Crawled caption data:
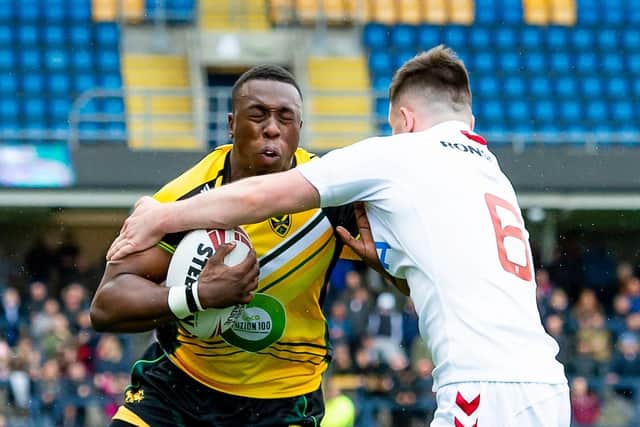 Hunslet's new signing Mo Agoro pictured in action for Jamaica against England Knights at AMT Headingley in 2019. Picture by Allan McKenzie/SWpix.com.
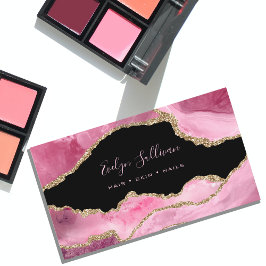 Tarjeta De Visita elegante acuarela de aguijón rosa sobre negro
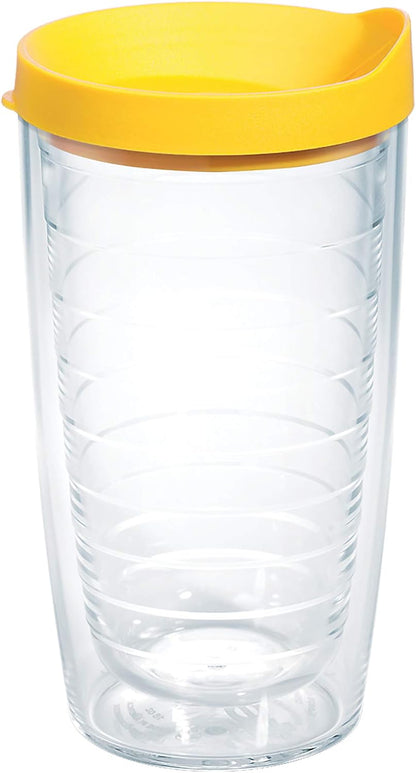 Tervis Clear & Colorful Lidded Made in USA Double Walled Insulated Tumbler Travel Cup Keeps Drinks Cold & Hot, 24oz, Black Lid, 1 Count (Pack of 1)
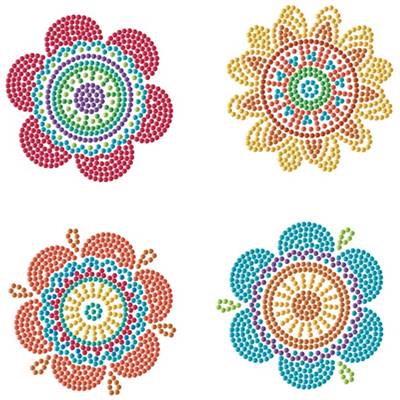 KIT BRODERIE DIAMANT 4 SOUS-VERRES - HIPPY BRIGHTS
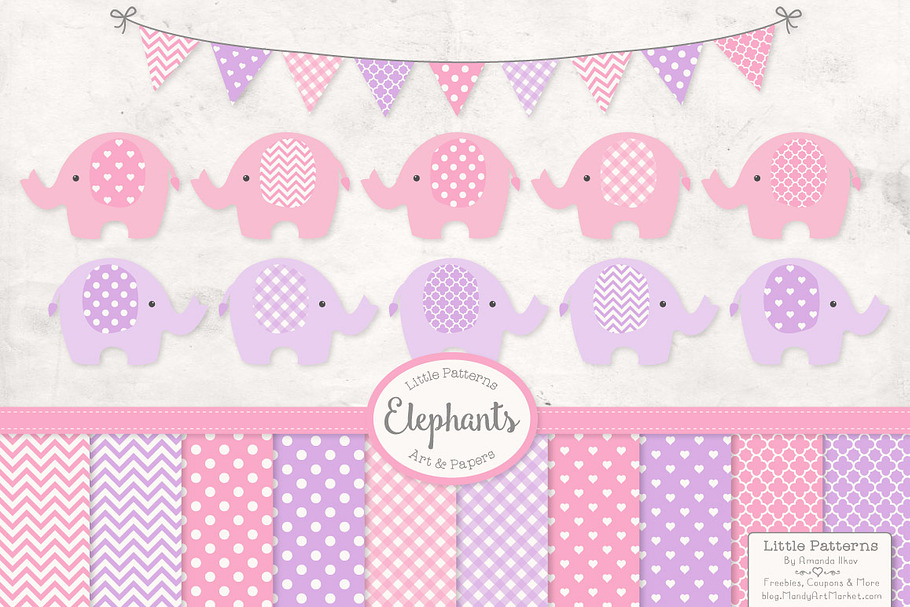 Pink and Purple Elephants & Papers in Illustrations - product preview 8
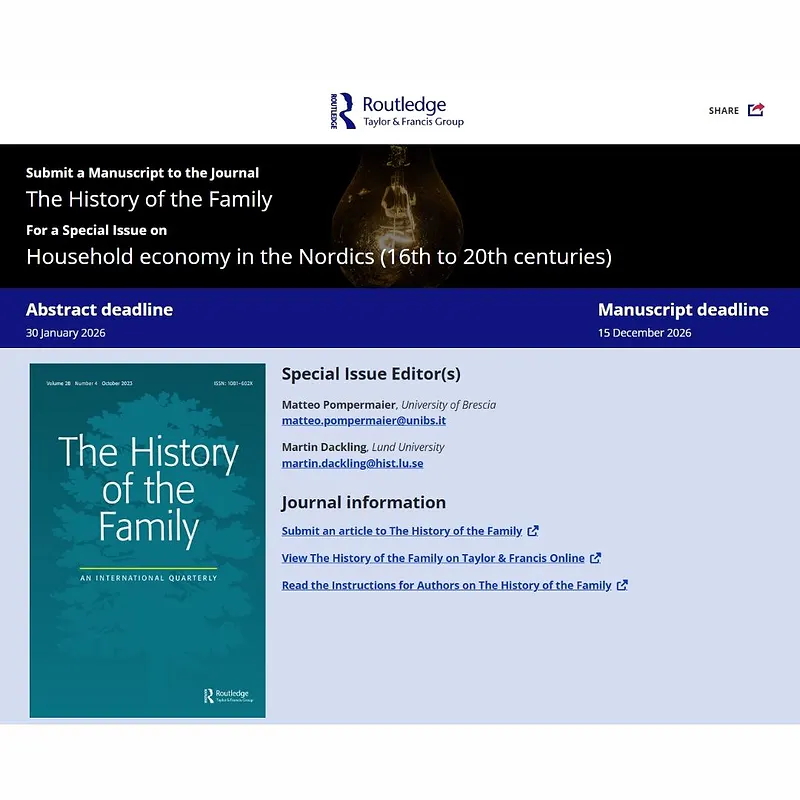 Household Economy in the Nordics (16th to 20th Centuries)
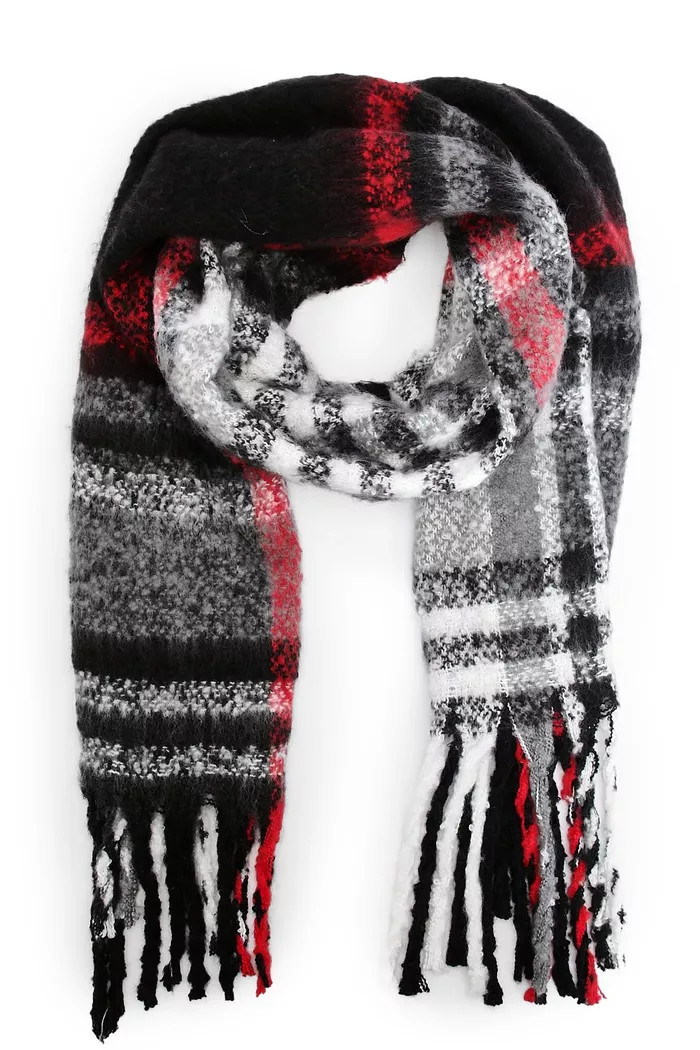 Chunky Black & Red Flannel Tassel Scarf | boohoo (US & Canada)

PROBLEM:
Extract, character for character, every line from the one that holds "Tervis Clear &" through the end of the entries above. Include both boundary lines and no pictures.

EXPECTED OUTPUT:
 Tervis Clear & Colorful Lidded Made in USA Double Walled Insulated Tumbler Travel Cup Keeps Drinks Cold & Hot, 24oz, Black Lid, 1 Count (Pack of 1)
 KIT BRODERIE DIAMANT 4 SOUS-VERRES - HIPPY BRIGHTS
 Pink and Purple Elephants & Papers in Illustrations - product preview 8
 Household Economy in the Nordics (16th to 20th Centuries)
 Chunky Black & Red Flannel Tassel Scarf | boohoo (US & Canada)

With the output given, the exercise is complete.